COLLECTED DATA

——

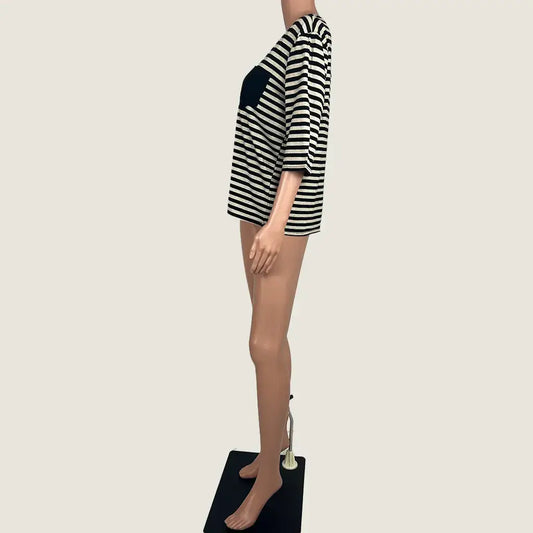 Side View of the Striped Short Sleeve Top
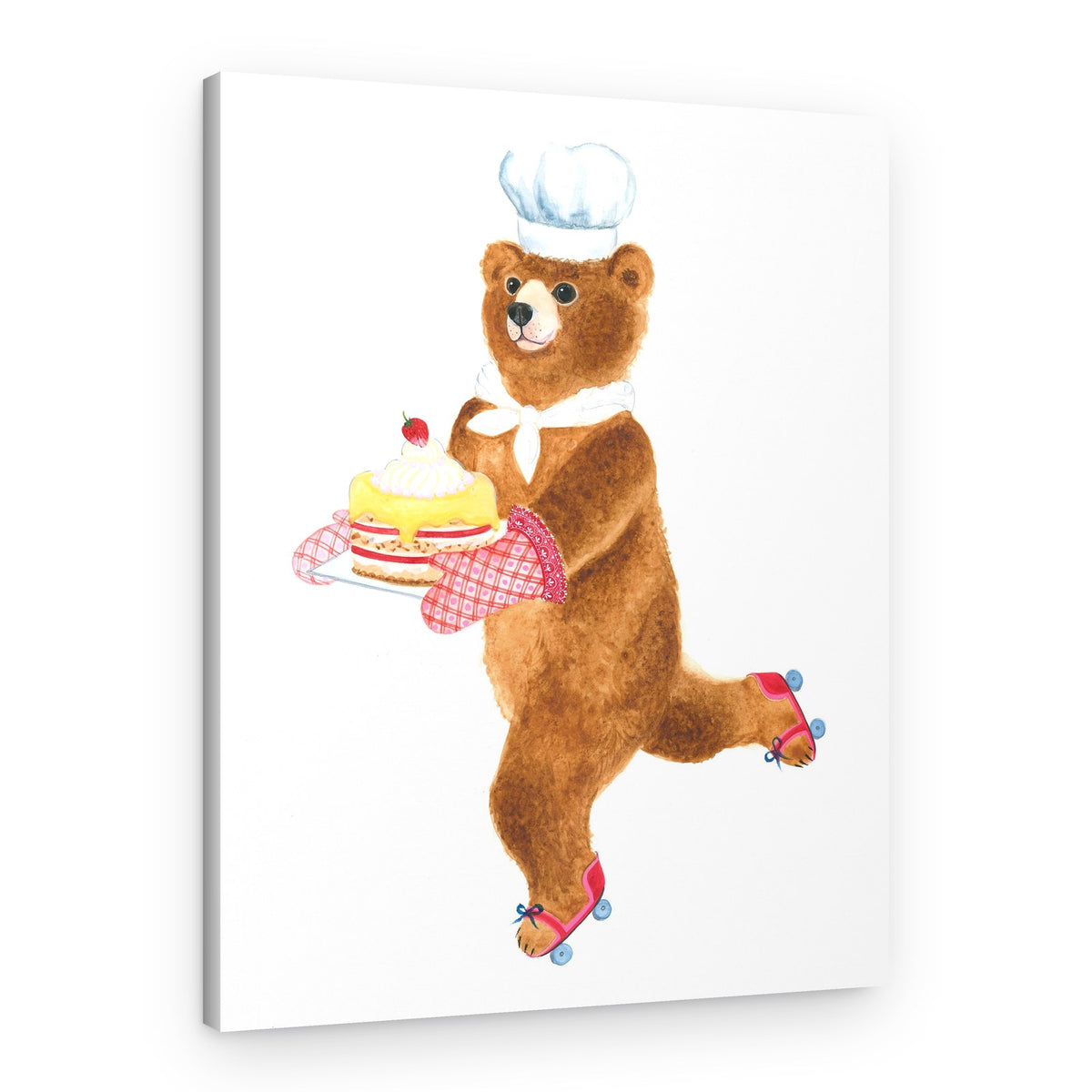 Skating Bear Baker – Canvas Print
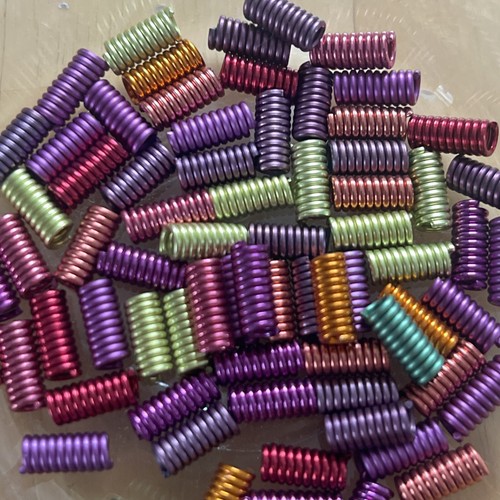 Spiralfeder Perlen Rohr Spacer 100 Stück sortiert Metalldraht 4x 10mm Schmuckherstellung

——

YOUR OBJECTIVE
Would you transcribe all of the data exactly, omitting any pictures?

ANSWER FOR THE TASK
 Side View of the Striped Short Sleeve Top
 Skating Bear Baker – Canvas Print
 Spiralfeder Perlen Rohr Spacer 100 Stück sortiert Metalldraht 4x 10mm Schmuckherstellung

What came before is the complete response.